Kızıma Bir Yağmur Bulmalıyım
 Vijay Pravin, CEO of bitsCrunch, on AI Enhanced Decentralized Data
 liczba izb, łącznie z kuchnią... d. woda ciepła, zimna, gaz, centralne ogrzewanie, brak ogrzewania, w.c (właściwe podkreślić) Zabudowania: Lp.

▶ WORK TASK:
Please reproduce the line containing "Vijay Pravin, CEO" and each line after it to the end of the listing, exactly, with nothing added or left out.

▶ SOLUTION TO THIS TASK:
 Vijay Pravin, CEO of bitsCrunch, on AI Enhanced Decentralized Data
 liczba izb, łącznie z kuchnią... d. woda ciepła, zimna, gaz, centralne ogrzewanie, brak ogrzewania, w.c (właściwe podkreślić) Zabudowania: Lp.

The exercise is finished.